Jacob Rees Mogg has accused Unicef of “playing politics” and has said it should be “ashamed of itself” after the UN agency offered funding to help feed children in the UK for the first time in its history.
The international organisation announced on Wednesday that it would support charities tackling child hunger in the UK due to the “unprecedented impact” of the coronavirus pandemic, which has seen rates of poverty and food inequality soar.
But Mr Rees Mogg has claimed in the Commons the intervention from Unicef was a “political stunt of the lowest order”.
“I think it is a real scandal that Unicef should be playing politics in this way” Mr Rees Mogg said, “when it is meant to be looking after people in the poorest, the most deprived, countries of the world where people are starving, where there are famines and where there are civil wars, and they make cheap political points of this kind, giving, I think, £25,000 to one council. It is a political stunt of the lowest order.”
He added that “Unicef should be ashamed of itself”.
The prime minister’s official spokesman declined to say whether Boris Johnson agreed with Mr Rees-Mogg’s comments.
Rates of hunger in the UK have surged across the pandemic, with one study from the Social Market Foundation suggesting almost two million children have been left short on food since the pandemic began.
Meanwhile the Trussell Trust, the nation’s largest foodbank charity, says its sites alone handed out 1.2 million emergency food parcels between April and October this year.

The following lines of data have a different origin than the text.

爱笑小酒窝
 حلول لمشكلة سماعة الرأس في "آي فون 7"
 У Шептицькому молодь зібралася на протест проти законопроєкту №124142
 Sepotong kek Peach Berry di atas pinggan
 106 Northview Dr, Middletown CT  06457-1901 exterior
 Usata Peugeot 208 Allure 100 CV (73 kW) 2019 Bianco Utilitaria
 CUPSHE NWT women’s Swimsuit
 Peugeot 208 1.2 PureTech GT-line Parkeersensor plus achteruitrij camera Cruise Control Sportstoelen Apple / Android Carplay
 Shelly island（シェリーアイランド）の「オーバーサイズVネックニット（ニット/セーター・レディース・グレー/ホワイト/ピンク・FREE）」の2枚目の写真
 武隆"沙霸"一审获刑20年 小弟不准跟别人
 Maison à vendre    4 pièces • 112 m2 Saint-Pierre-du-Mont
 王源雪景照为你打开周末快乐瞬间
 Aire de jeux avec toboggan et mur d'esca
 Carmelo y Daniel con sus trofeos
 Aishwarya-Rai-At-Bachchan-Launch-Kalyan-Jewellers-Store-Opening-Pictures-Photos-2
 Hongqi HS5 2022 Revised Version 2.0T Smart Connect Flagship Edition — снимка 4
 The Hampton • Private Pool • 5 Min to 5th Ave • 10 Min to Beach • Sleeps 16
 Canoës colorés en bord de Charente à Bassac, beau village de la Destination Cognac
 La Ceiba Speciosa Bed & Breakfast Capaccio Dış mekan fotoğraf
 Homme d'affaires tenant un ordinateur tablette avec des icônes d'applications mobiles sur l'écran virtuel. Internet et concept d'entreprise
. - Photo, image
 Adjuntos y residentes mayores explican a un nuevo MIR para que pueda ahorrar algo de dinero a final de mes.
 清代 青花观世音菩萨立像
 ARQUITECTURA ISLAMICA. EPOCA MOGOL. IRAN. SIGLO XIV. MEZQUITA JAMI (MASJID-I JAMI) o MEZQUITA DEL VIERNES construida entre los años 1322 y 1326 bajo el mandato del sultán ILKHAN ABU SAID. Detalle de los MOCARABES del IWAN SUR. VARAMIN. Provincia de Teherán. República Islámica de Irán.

Responding to the comments Anna Kettley, Unicef UK’s director of programmes and advocacy, said the one-off response of over £700,000 to community groups was in response to the effects of the pandemic during a period of crisis.
“Unicef will continue to spend our international funding helping the world’s poorest children. We believe that every child is important and deserves to survive and thrive no matter where they are born," she added.
Meanwhile Mr Rees Mogg’s comments drew the ire of opposition MPs just months after the Tories received furious public backlash for voting against extending free school meals for vulnerable children across the October half term.
Angela Rayner, Labour’s deputy leader said: “The only people who should be ashamed of themselves are Boris Johnson and the rest of his government for letting our children go hungry.
“In one of the richest countries in the world, our children should not be forced to rely on a charity that usually works in war zones and in response to humanitarian disasters.
“The only scandal here is this rotten Tory government leaving 4.2 million children living in poverty, a number that will only rise due to the coronavirus crisis.”
The SNP’s Tommy Sheppard added: “It is astonishing that these comments are coming from the same government that had to be publicly shamed into following Scotland’s lead and providing free school meals for children over the holidays.”